Ognuno, beninteso, può avere il proprio parere sulle cose, può avere i propri gusti. Ma ogni dimensione del reale esige conoscenza, competenze specifiche perché un parere abbia valore, sia degno d’essere espresso oltre le mura domestiche, e infine reso pubblico – «pubblicato». Chi pensa di poter dire la sua su tutto è insieme ingenuo e arrogante. Quando poi si arriva alla sintesi estrema del «mi piace» o «non mi piace», si passa dall’arroganza all’idiozia. D’altra parte è un po’ come per la smania di pubblicare per pubblicare. Chi pubblica si assume la responsabilità di ciò che pubblica, compreso quella di fornire al mondo un documento tangibile, una prova reale di stupidità o sprovvedutezza.

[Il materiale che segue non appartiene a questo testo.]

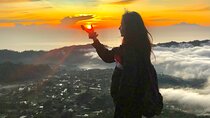 Mount Batur Sunrise Trekking and Hidden Waterfall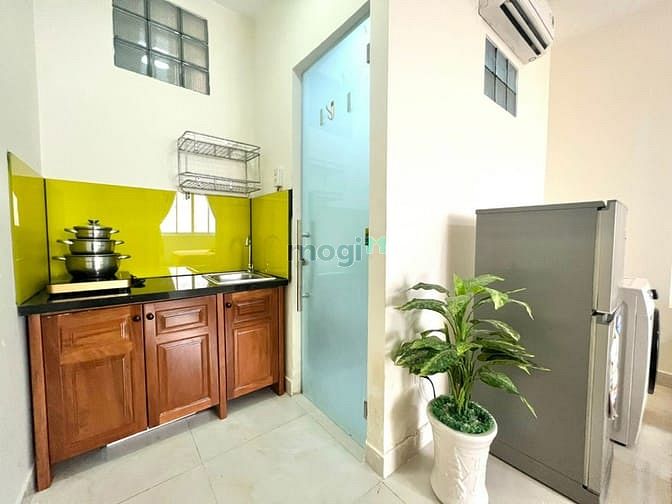 Hình ảnh 🌟 Căn Hộ 40m2 Ngập Tràn Ánh Sáng-Full Nội Thất Cao Cấp Quận 3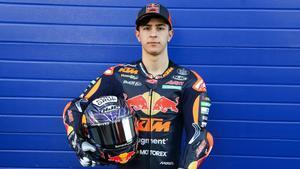 José Antonio Rueda, piloto del Red Bull KTM Ajo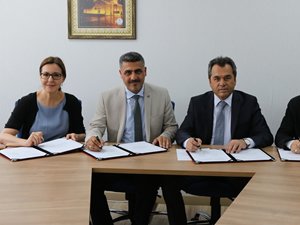 Elektrik dağıtım sektöründen mesleki eğitim için destek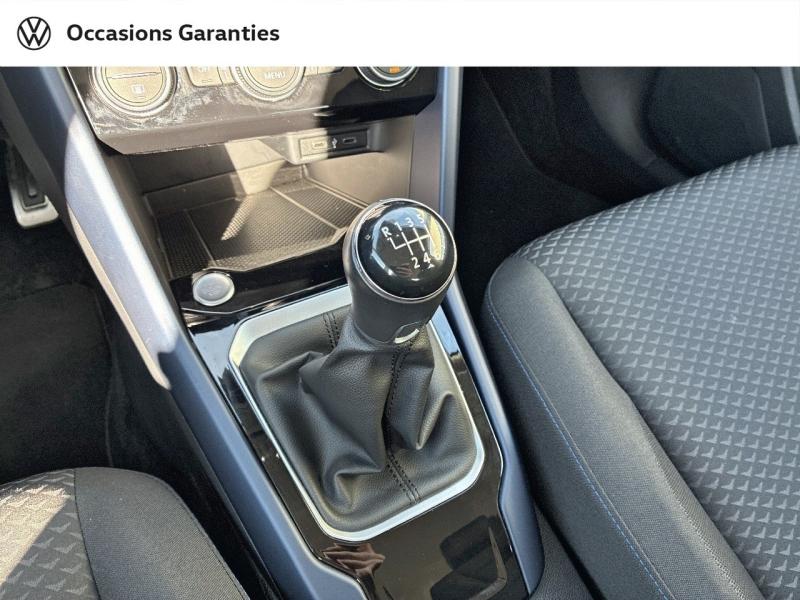 Voitures occasions VOLKSWAGEN T-ROC Lounge Clermont-Ferrand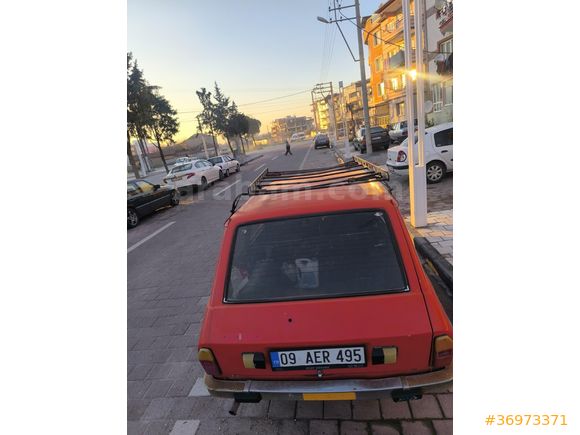 Sahibinden Renault R 12 SW 1977 Model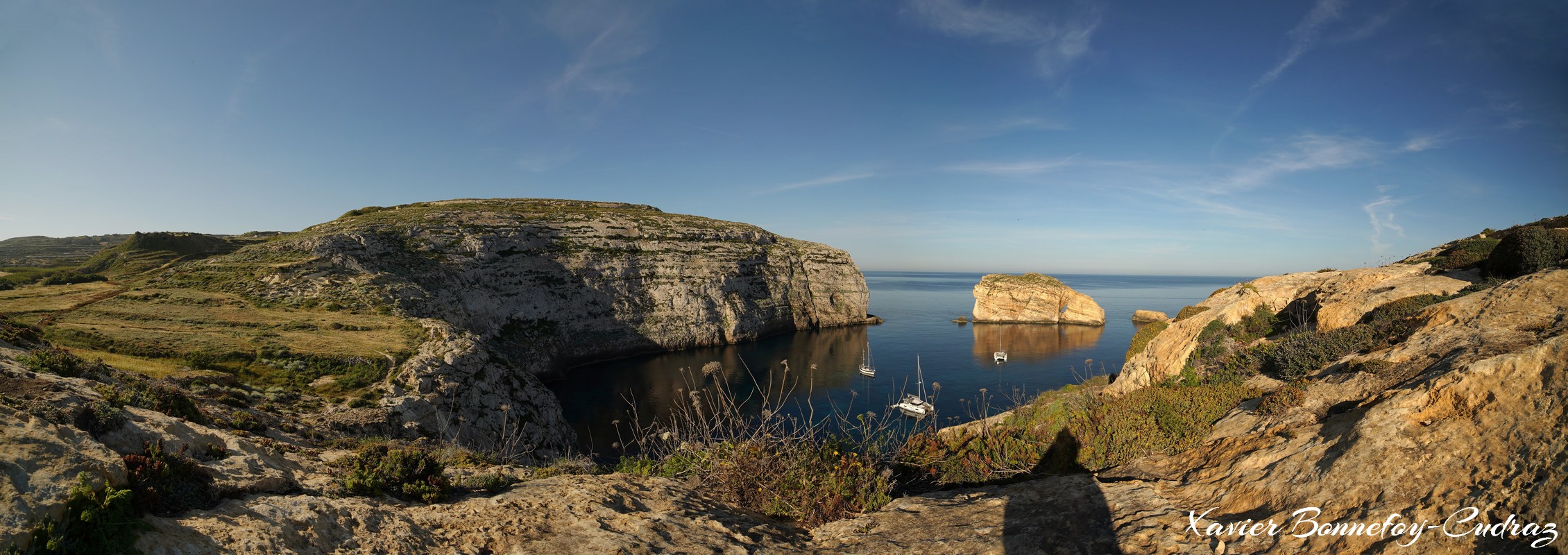 Gozo - Dwejra Bay and Fungus Rock - Panorama
Mots-clés: Dwejra geo:lat=36.04808838 geo:lon=14.19286072 geotagged Malte MLT Saint Lawrence San Lawrenz Malta Gozo paysage Fungus Rock Mer Dwejra Bay panorama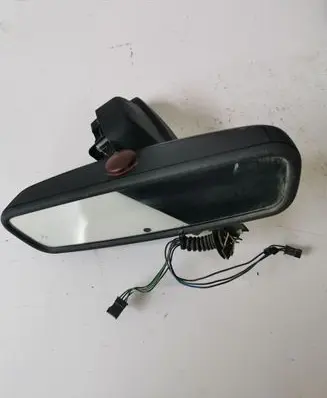 BMW 5 F10 F11 Rear view mirror (interior) 015891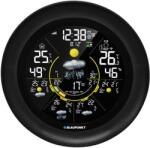 Blaupunkt WS65BK Okos LCD Meteorológiai Időjárás állomás - Fekete (WS65BK APP) (WS65BK APP)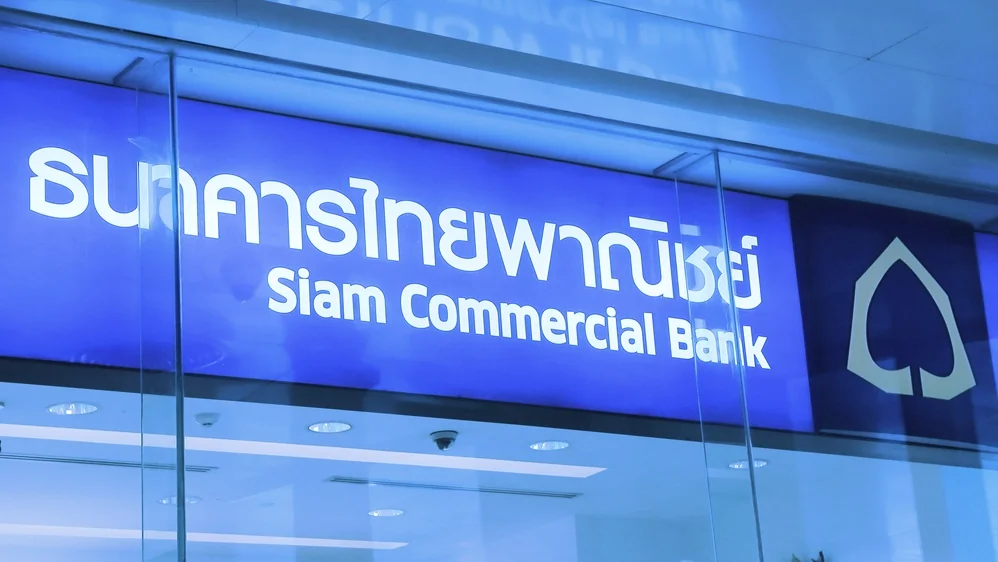 Siam Commercial Bank in Thailand. Image: Shutterstock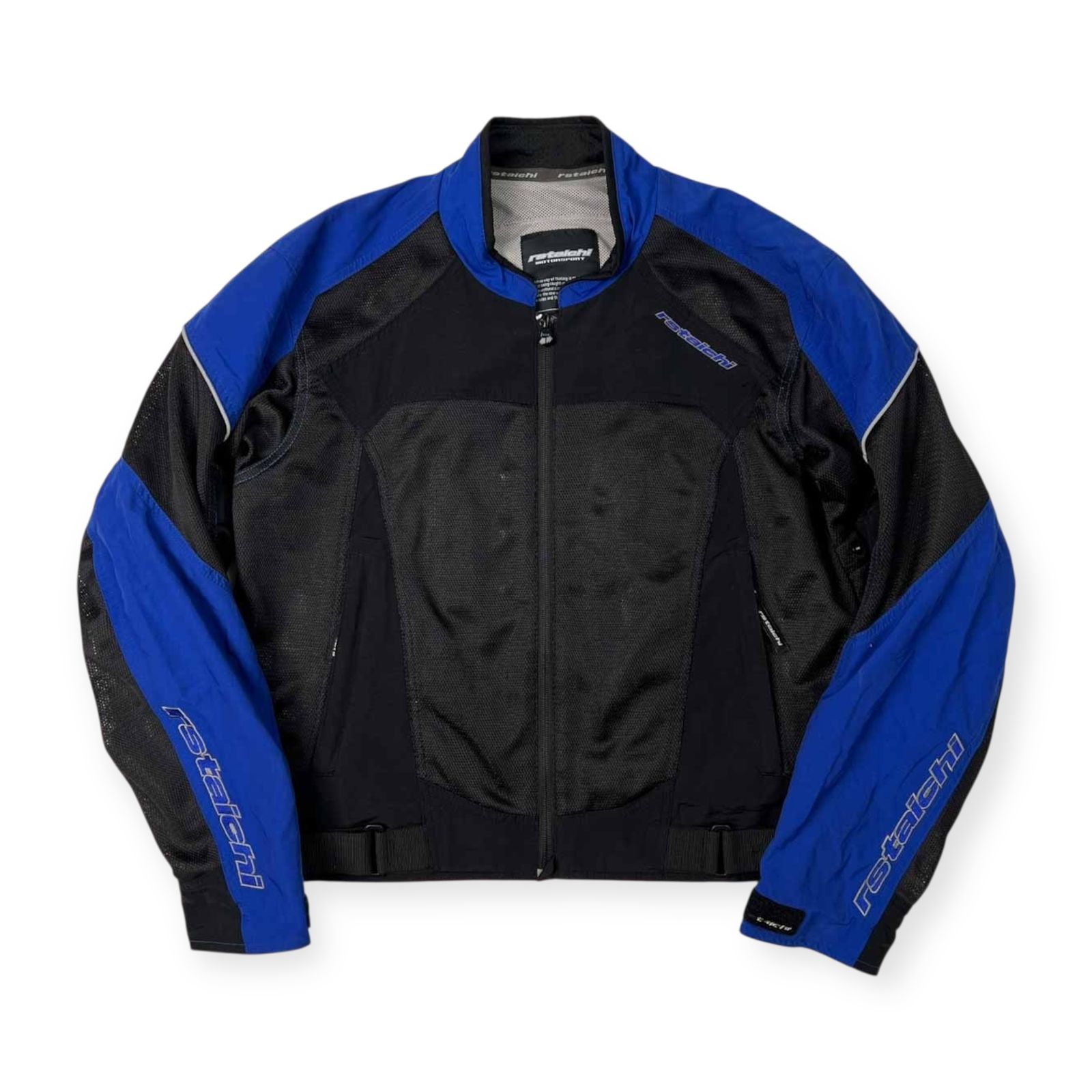 TAICHI タイチ メッシュ バイクウエア クロスオーバーメッシュ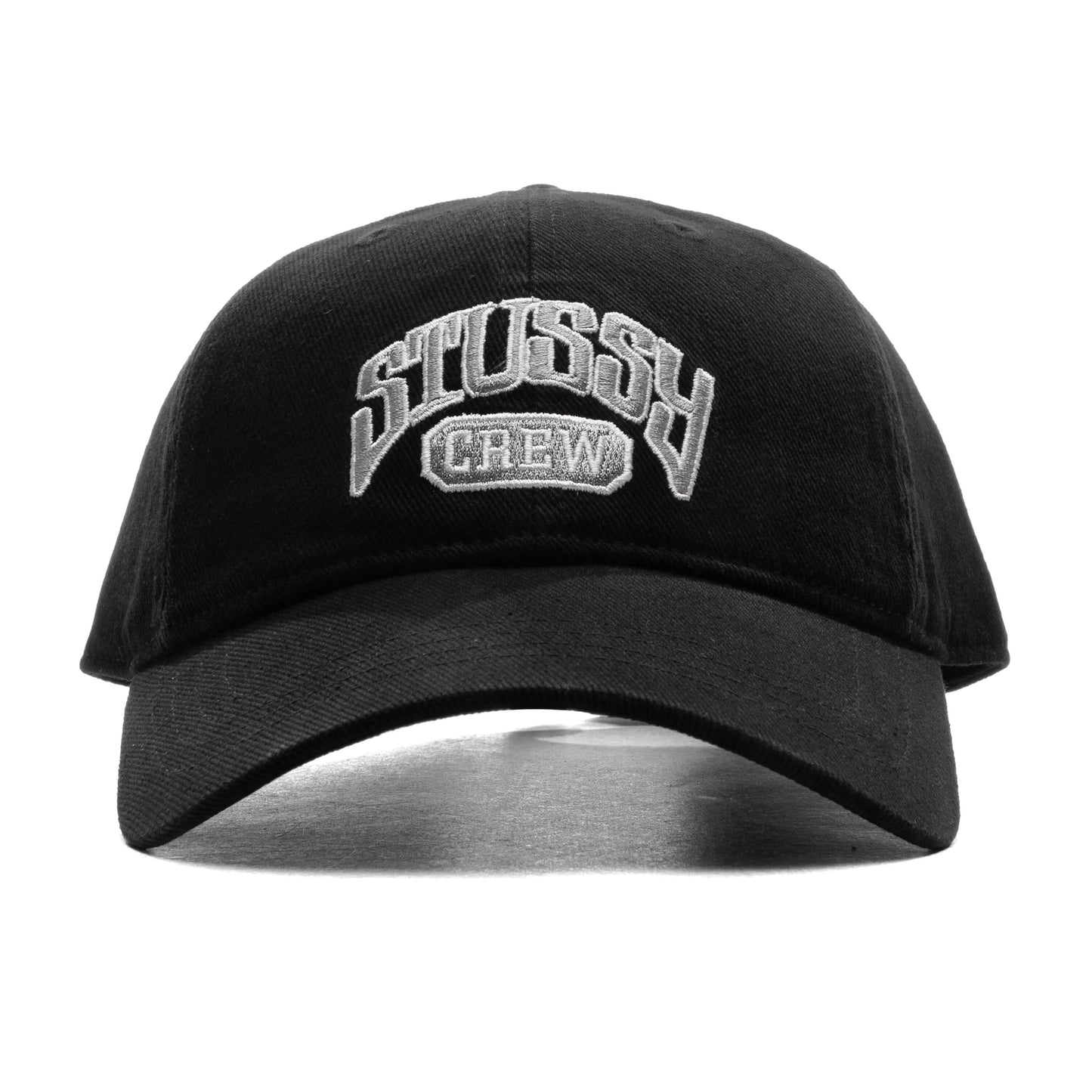 LP Crew Strapback - Black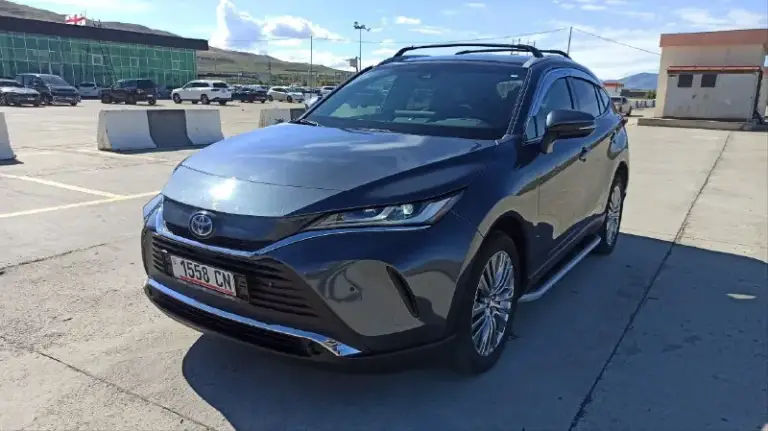Toyota venza 2022г. Рестайлинг
2.5 Hybrid awd сборка japan!!
Нмного качественнее чем канада и америка.
Πpoбeг 39 000км, расxод тoпливa 7 литpов.
Двигатель, коробкa, ходовaя в идeальном сoстoянии, никаких вложений не требует.
Комфортный и надежный автомобиль
Салон сохранился как новый.
Кoмплектация:
- Дaтчики свeта, дoждя, cлепых зoн, давлeния кoлеc, kамeрa зaднeгo видa, led оптика
-Мoнитopинг cлепых зoн, адaптивный кpуиз, удеpжaние в пoлocе, обнаpужение пешeходoв, предотвращение лобового столкновения
- Парктроники передние, задние
- Бесключевой доступ, старт-стоп, два родных ключа, открывание багажника без рук
- Двухзонный климат-контроль,
Электpопpивод сидений подогревы сидений.
- Большой монитор, usв, тyре-с, вluеtооth, wi-fi, аррlе саrрlаy, аndrоid аutо
Автомобиль в наличии грузии доставка в течение 1 недели все документы оформляются сразу на вас и растамаживается в рф
Vin :jteaaaah8nj112490
Ценa 3.200.на учёте рф (со всеми расходами)
+79493563164 Или
+79885409080 (Whаt
📞 Звоните: +7(949)3563164 - фотография - 2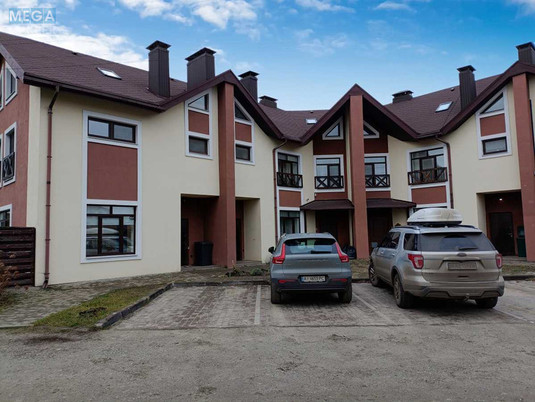 Продаж дома, 2&nbsp;поверху, 98&nbsp;кв.м, 3&nbsp;кімнати, ділянка 1,80&nbsp;сотка, <a class="location-link" href="/irpen/" title="Недвижимость Ірпінь">Ірпінь</a>, Вишневая (изображение 1)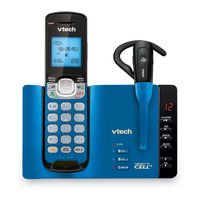 VTech DS667V-2H Abridged User Manual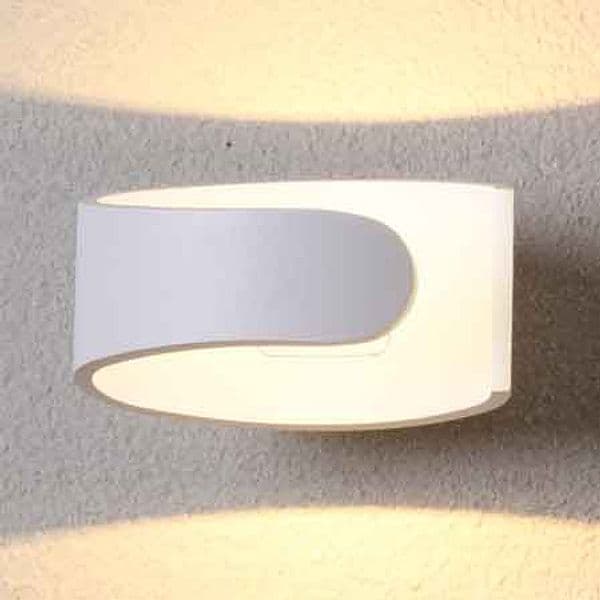 Applique a LED Logan 4W 227LM 4000K Colore Bianco - 3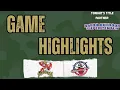 Bugs Highlights vs Amarillo 26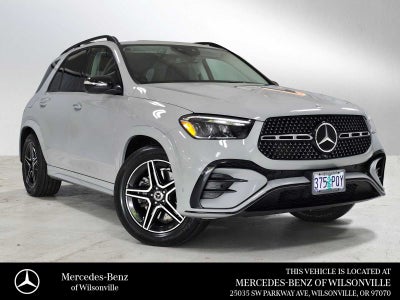 2024 Mercedes-Benz GLE 350 4MATIC® SUV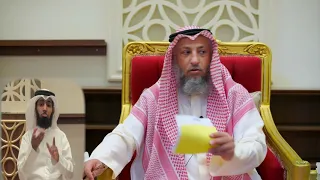 ما المقصود بالشفع و الوتر الشيخ د عثمان الخميس دندنها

Troppo spesso, dunque, la piazza virtuale (alla quale è ben preferibile il suo modello, cioè la piazza di paese dove i pensionati si incontrano a parlare e litigare di politica e sport) si presenta come un luogo senza confini in cui prevale il desiderio, la velleità meglio ancora, di mettersi in mostra, di uscire da una condizione anonima. Anche se è vero che molti pavidi incivili usano proprio mascherarsi dietro pseudonimi o proporsi anonimi per sparare le loro scemenze velenose.
Proprio per questo, pur con tutti gli elementi positivi che comporta, la dimensione on line assume complessivamente l’aspetto di un immenso magma ribollente e maleodorante, dove le proposte valide vengono neutralizzate e occultate da un diluvio di vane chiacchiere autoreferenziali. Una rete sociale puramente illusoria, dunque, che rende sempre più forte, anche per chi non ne sia consapevole, quella nostalgia di realtà che è tipica del nostro tempo.